You can apply it to a whole product or service or just a feature. You can apply to people upgrading You can also apply to efforts to keep people from leaving — like going from
I-use-that-thing to maybe-I’ll-use-something-else.
The big point here is that it’s mostly concerned with retaining people.
Why is this important? We’ve made it incredibly easy to try things like software and services out. But because it’s easy and the cost of switching is relatively low, it’s hard to get people to stick around, or convert or purchase.
User retention often looks something like this. Half (or more) of the people who try your site, product or app leave right away and never come back. This is good retention by the way because the curve flattens out - you stop loosing people at some point.
Onboarding is not a miracle worker. You still have to have a good product that people want. If not, your retention will probably look like this. Almost everyone leaves right away and then the rest leave soon after.
Kathy Sierra used to write a blog called Creating Passionate Users. She talked a lot about how making your users successful was the best kind of marketing. If they were successful, others would want to know their secret. She would rail against things like companies spending a lot on marketing and then dropping the ball after you made a purchase. This Nikon user manual was a favorite example.
I believe this is a big part of where onboarding can make a difference. Most people don’t have the time or desire to read the manual. It’s our job to weave that information throughout the product in a way that’s useful — that helps people see value.
But I don’t want you to get the idea that I’m JUST talking about that — about building tutorials or tool tips or screencasts. Those are are all good things that should probably be part of your onboarding strategy.
What I’m going to talk about today are, in my experience, the really hard problems: Mapping it out: Understanding what you’ve got and how it’s working or not working. Because if you work on a thing that exists, you have an onboarding experience whether you designed it or not. Figuring out what you want to do: This also includes things you want to stop doing and how you might want to reorganize your org to make it happen. And… Getting it done and all the sacrifices, compromises, plan Bs… that go with that.
So I’ll use Firefox as a case-study to explain some of the valuable things I learned over the years.
Now, like I was saying, if you have something that people use (an app, a website, a service, a store), you have an onboarding experience. If you haven’t specifically designed it, you’ve got the default experience that teams in your company make when left to their own devices. This was the case when I started looking at what Firefox was doing.
For example, here’s a simplified look at what a new user would experience when they downloaded and installed Firefox a few years ago.
But users see this as one thing. They see all these pieces over the course of about 2 minutes. As you can see, it looked a lot like our org structure.
This sort of default experience I’m talking about happens because, products tend to resemble the organizational structure of the teams that build them. I didn’t make that up by the way. It’s an effect called “mirroring” or “Conway’s Law.”
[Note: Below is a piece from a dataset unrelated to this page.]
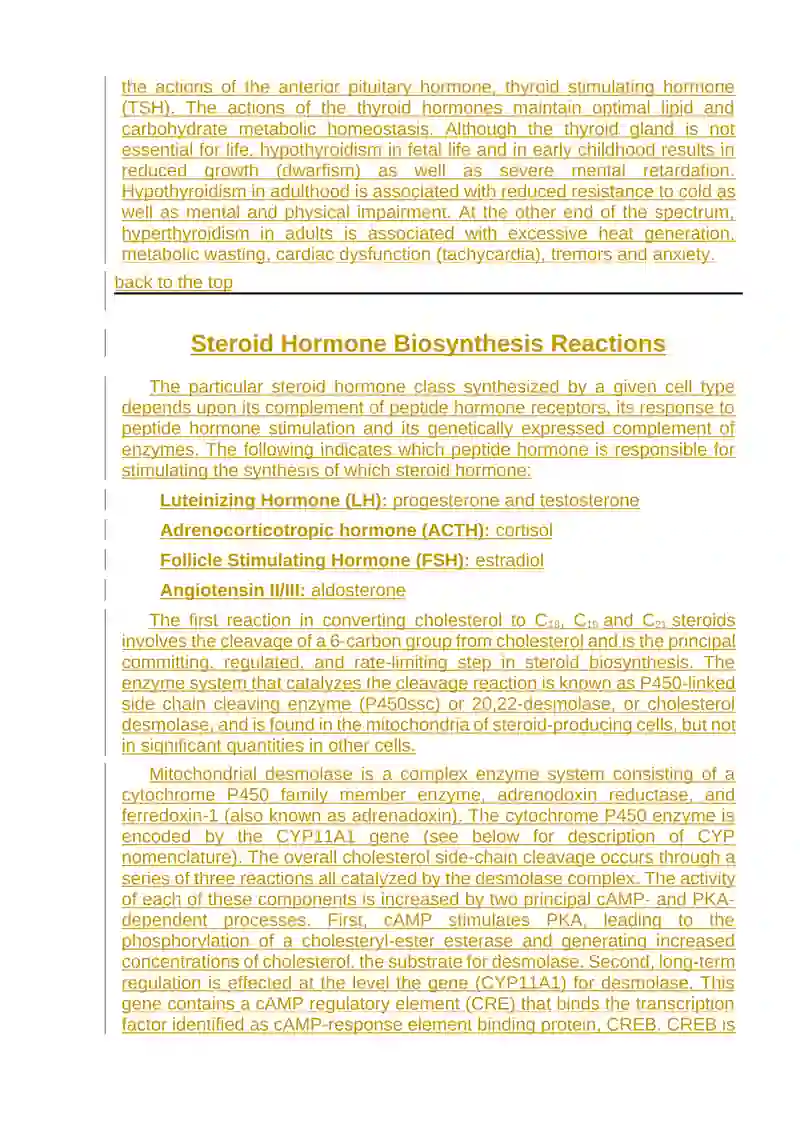 Introduction to the Steroid Hormones 3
So step one to designing an experience is to distinguish what you already have.
Journey maps are a great tool for figuring out what you’ve got or for planning what you want to have. This is more detailed version of that one I showed a moment ago.
Basically a journey map is an inventory of experiences over time, overlaid with people’s thoughts and feelings at each point. To create a really comprehensive map you use a number of tools:
One important one is user research.
The best way to develop deep understanding, empathy and intuition is to spend a lot of time observing and talking with your users. The most interesting times I’ve had at Mozilla is traveling around, visiting people in their kitchens and living rooms.
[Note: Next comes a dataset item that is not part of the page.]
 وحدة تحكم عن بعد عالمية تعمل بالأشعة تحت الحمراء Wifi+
A couple of years ago we had the opportunity to visit the Government Digital Service in London. This was one of our favorite of their many posters because it’s so true and it’s something we’ve adopted. We always include people who are not researchers or designers with us on research projects. It’s often like pulling them out of the Matrix and they become much more trusting of qualitative data.
Another tool is heuristic evaluation. You go through the experience yourself. One thing that’s important is to calibrate yourself. You might have a fiber internet connection and new MacBook Pro but your users probably don’t.
A more realistic environment is usually something more like this. You also have to be part QA person.
What happens if I’m busy, trying to multi-task, don’t read everything and then click the wrong button? Then I would do that for all of the other user journeys. Like, what if I last used Firefox 3 years ago, forgot that I even had it installed and installed it again? What happens?
Answering people’s questions is another good way to calibrate yourself. You’ll learn all kinds of things spending a day or two in a support forum, answering emails, tweets or even phone calls. Once, we held an in-person support day in our San Francisco office. It was as much a learning experience for us as it was for the people who attended.
Another thing you’ll want to do is to interview people in your company. Who works on this? Who built that? Why do we do things this way?
This will give you a good idea of the problem space. You’ll probably be surprised at what you find. We had 3 big ones…
First surprise — many people who wanted Firefox were getting crapware instead!
Nearly everyone I’ve ever tested or observed gets Firefox on their computer by searching for searching for “firefox” “download firefox” “mozilla firefox” or some variation. Once on the results page, there are group of people who just click the top result no matter what. Some of them know it’s usually an ad; some don’t. Either way, they all explain that they expect this to go the right place for this type of search.
Here’s the thing. None of those links on the screen are ours.
Search engine marketing can be expensive. In our case it costs millions of dollars a year. So we ruled it out long ago. Also it didn’t seem like we need to do this to get people to try Firefox. We had gotten lots of press and…
Our amazing community did stuff like buy a full page spread in the New York times
Or built a crop circle to spread the word.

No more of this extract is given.